╔══
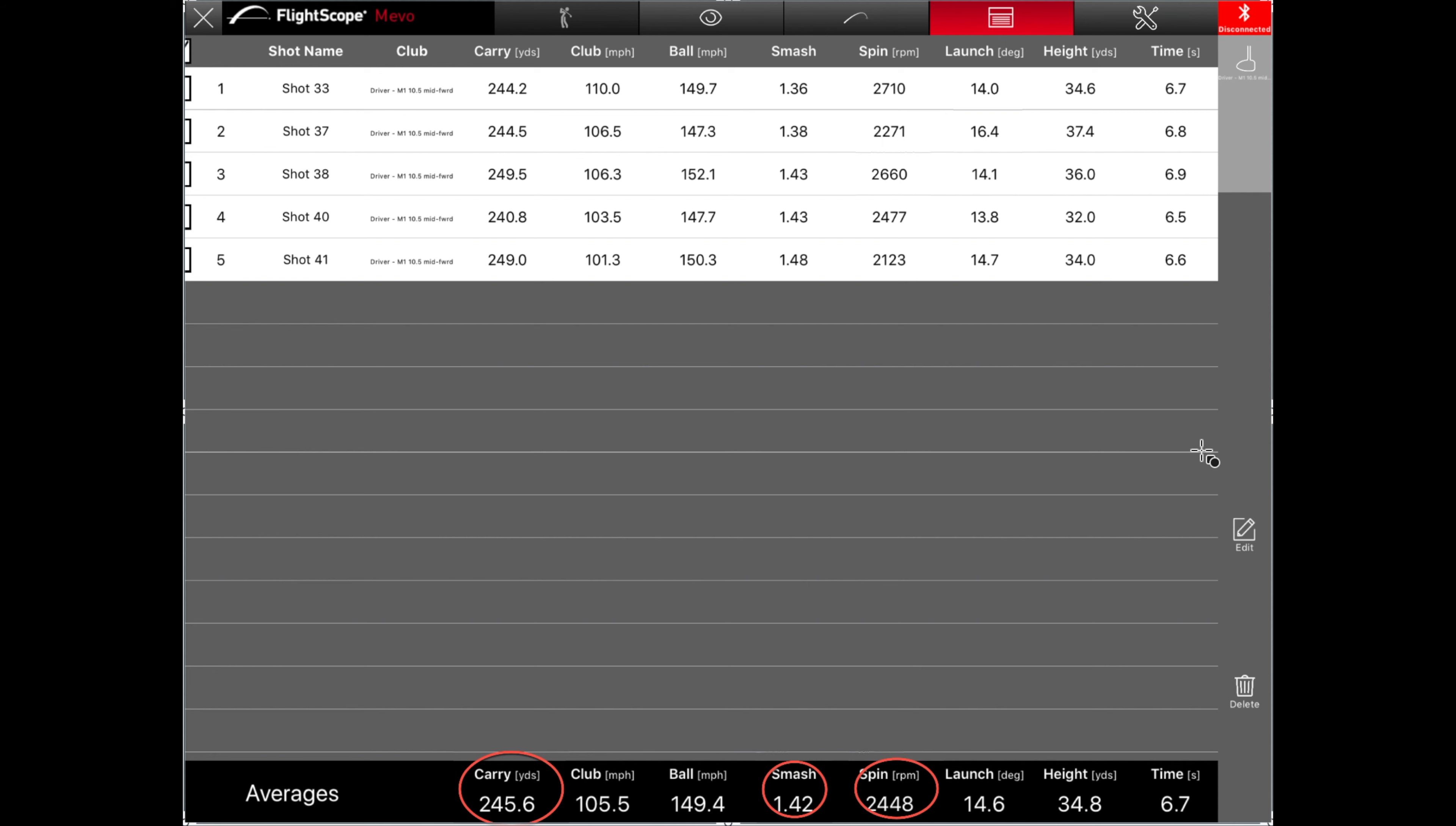Thank you guys for watching 3 Putts Golf. I've been Jeremy with my not-so-expert analysis of the numbers here. If you see any errors I've made, just go ahead and point them out in the comments down below. You know, my fancy little drawings here. Once again, thank you guys for watching. I've been Jeremy. This has been 3 Putts Golf. And we will see you next time.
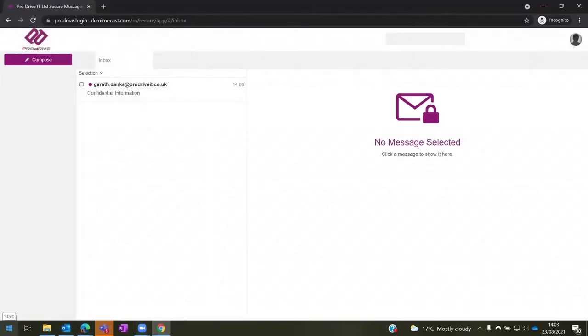Once your email has been received by the recipient, they will receive a notification rather than the actual email. This notification email will tell them to go to a Mimecast link, which is provided in the email, where they can then set up a password for their email account.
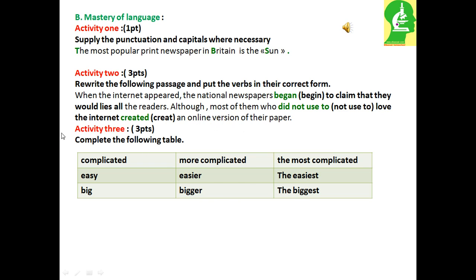Activity 3: Complete the following table. 6. Complicated — more complicated — the most complicated. 7. Easy — easier — the easiest. 8. Big — bigger — the biggest.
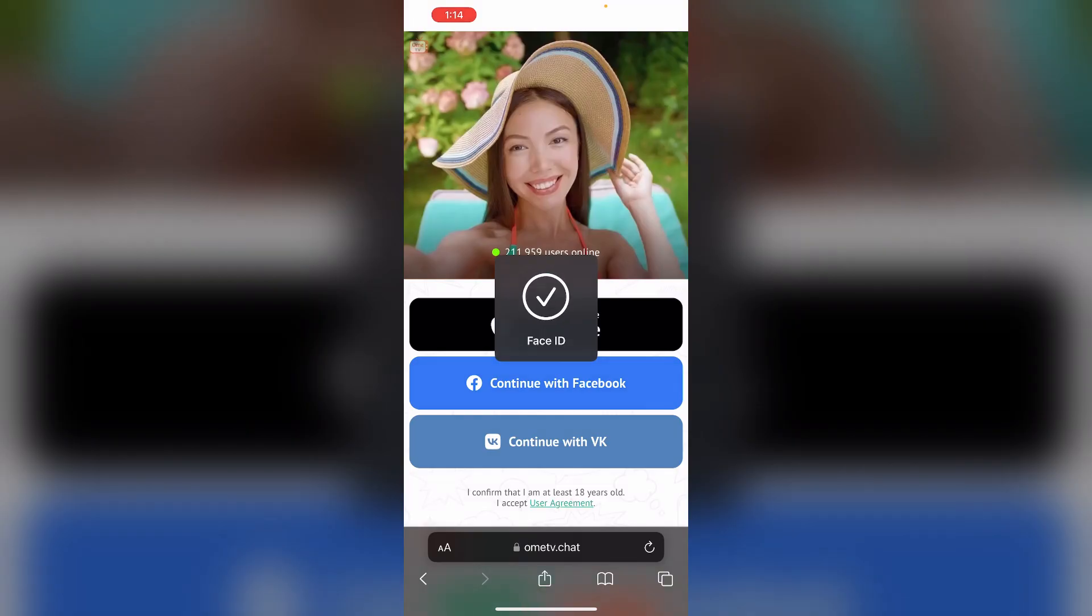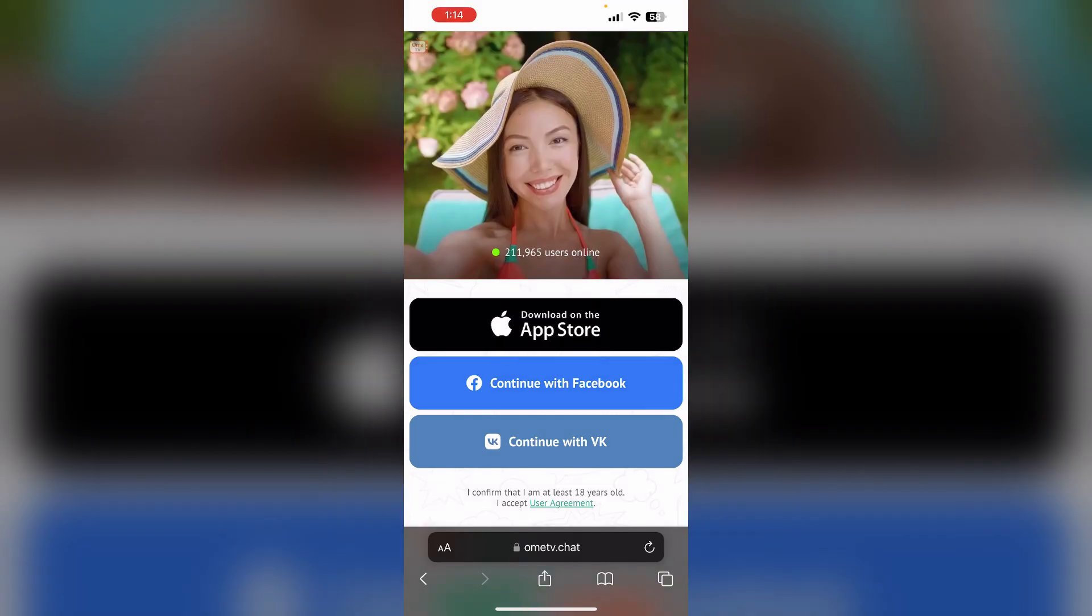Step three: Create a new account. If your account is still banned, you may need to create a new account using a different email or social media account like Facebook or VK that you haven't used before with Omegle TV.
╚══
__Requirement__.
Give the listing again exactly, but omit each image.

__Output of the exercise__.
Thank you guys for watching 3 Putts Golf. I've been Jeremy with my not-so-expert analysis of the numbers here. If you see any errors I've made, just go ahead and point them out in the comments down below. You know, my fancy little drawings here. Once again, thank you guys for watching. I've been Jeremy. This has been 3 Putts Golf. And we will see you next time.
Once your email has been received by the recipient, they will receive a notification rather than the actual email. This notification email will tell them to go to a Mimecast link, which is provided in the email, where they can then set up a password for their email account.
Activity 3: Complete the following table. 6. Complicated — more complicated — the most complicated. 7. Easy — easier — the easiest. 8. Big — bigger — the biggest.
Step three: Create a new account. If your account is still banned, you may need to create a new account using a different email or social media account like Facebook or VK that you haven't used before with Omegle TV.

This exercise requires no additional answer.